Usually, the biopsy is performed of the lower renal pole with ultrasound guidance and disposable biopsy needles mounted on a spring-loaded automated gun instrument. The patients lie supine with the flank on the side to be sampled preferably elevated by 30°. For obese patients and patients with respiratory conditions which make the prone position difficult, the supine anterolateral approach is preferred. The biopsy needle is inserted through Petit’s triangle. It has been suggested that postbiopsy complications may be less frequent with use of smaller gauge needles. The standard of care after PRB includes bed rest with close observation for 24 h, with each sample of urine inspected for hematuria. Contraindications to PRB are related to kidney status (multiple cysts, solitary kidney, acute pyelonephritis or perinephric abscess, renal neoplasm) and patient status (uncontrolled bleeding diathesis, uncontrolled blood pressure, uremia, obesity, and uncooperative patients).
According to literature, the complication rate ranges between 0% and 45%. Complications are labeled as major (necessity of blood product transfusion, radiographic or surgical invasive procedure, acute renal obstruction, extended hospitalization, septicemia, or death) or minor complications (subcapsular perinephric hematoma <5 cm diameter, transient macro-hematuria, and flank pain). The bleeding complications are the most common one, and a degree of perirenal bleeding accompanies every PRB. Manno investigated the rate of bleeding complications in 471 consecutive biopsies of native kidneys. Postbiopsy bleeding complications occurred in 34.1% of the study cohort: macrohematuria was seen in 0.4%, arteriovenous fistula in 0.4%, and hematoma in 33.3% of patients. Minor complications were seen in 32.9% of patients, and major complications were seen in 1.2%.[1] Volpe reviewed reports of PRB and fine needle aspiration of renal tumors published from 1977 to 2006; significant bleeding was unusual and almost always self-limiting. The renal biopsy carried minimal risk of tumor spread.[2] Londoño reviewed 126 medical reports of patients who underwent PRB for renal masses; no complication was observed immediately after PRB.[3] Franke, among 438 PRB (169 on kidney transplants) in 295 children-adolescents, reported no lethal-major complication.

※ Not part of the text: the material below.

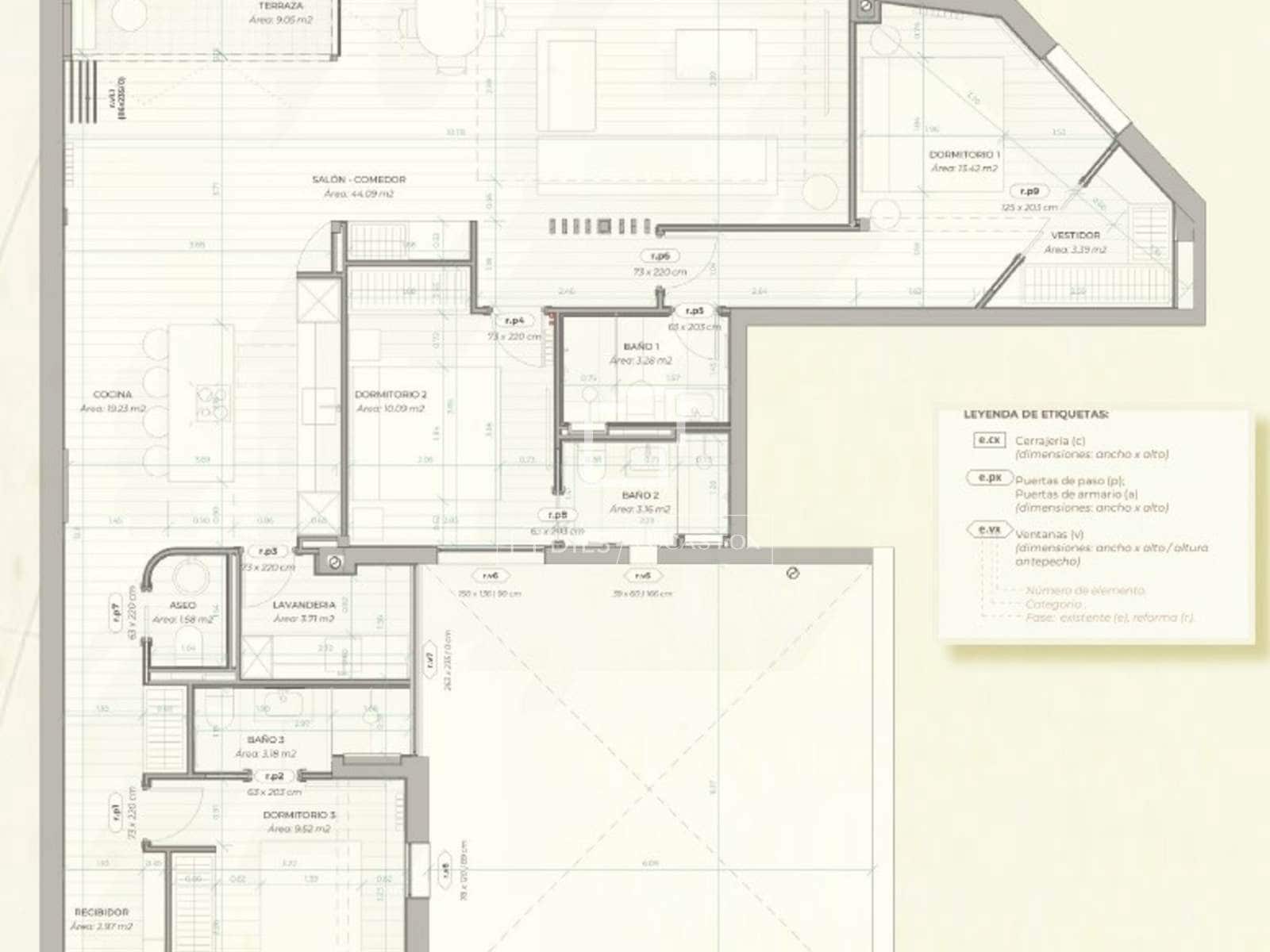 3 Zimmer Apartment zu verkaufen in Madrid Stadt - 2.210.000 € (Ref: 9630546)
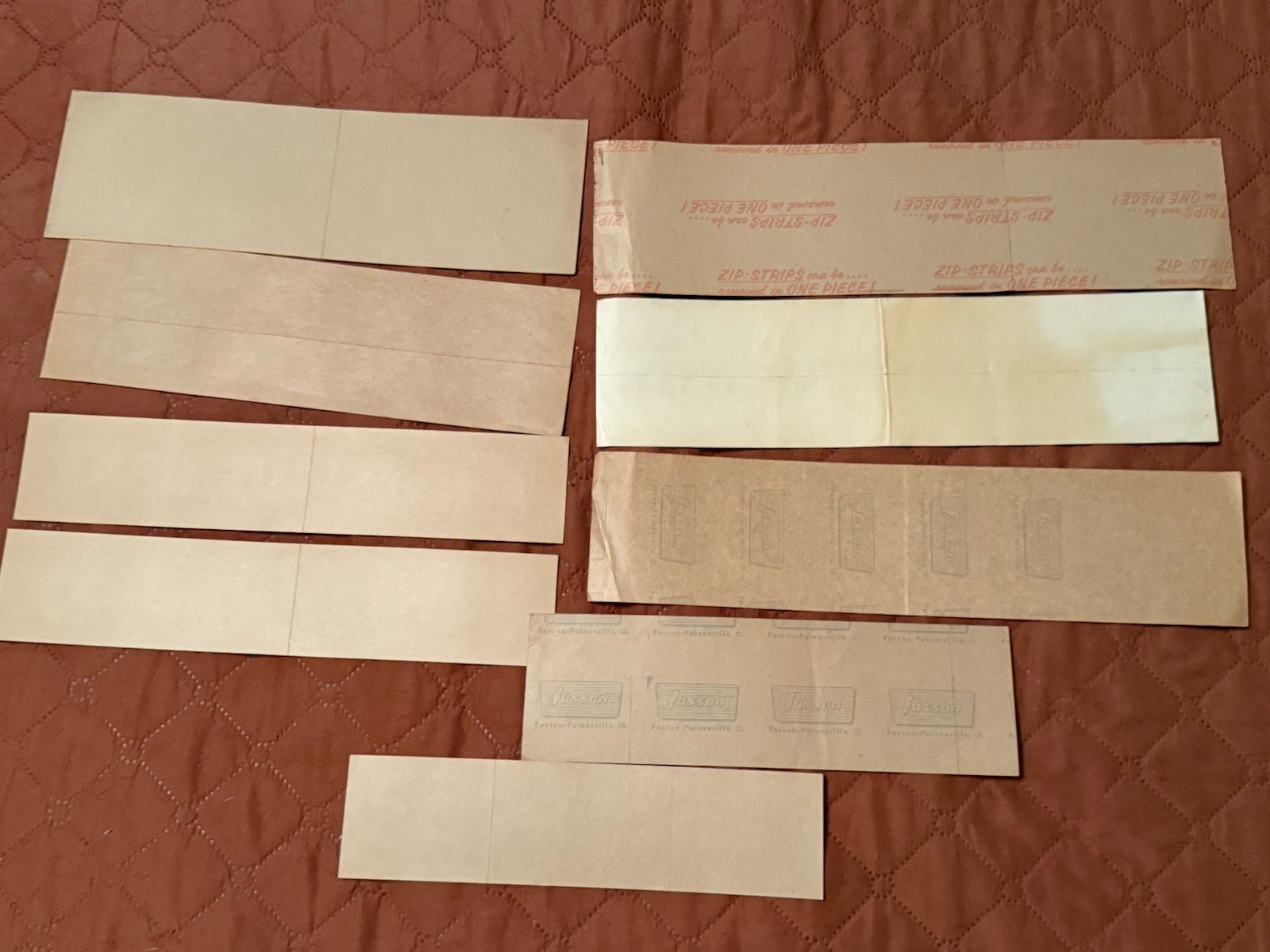Mixed Lot 9 Old Presidential Bumper Stickers * JFK Nixon Johnson Lindsay Vintage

The author concluded that ultrasound examination after 4 h postbiopsy or even earlier when symptoms occurred, was able to detect complications and determine indications for intervention.[4] Ali in 527 native and kidney transplant biopsies reported, when using a 14-gauge needle, higher risk of minor complications in free hands renal biopsy compared to US PRB; no difference in major complications rates was seen between the 2 techniques using a 14-gauge needle.[5]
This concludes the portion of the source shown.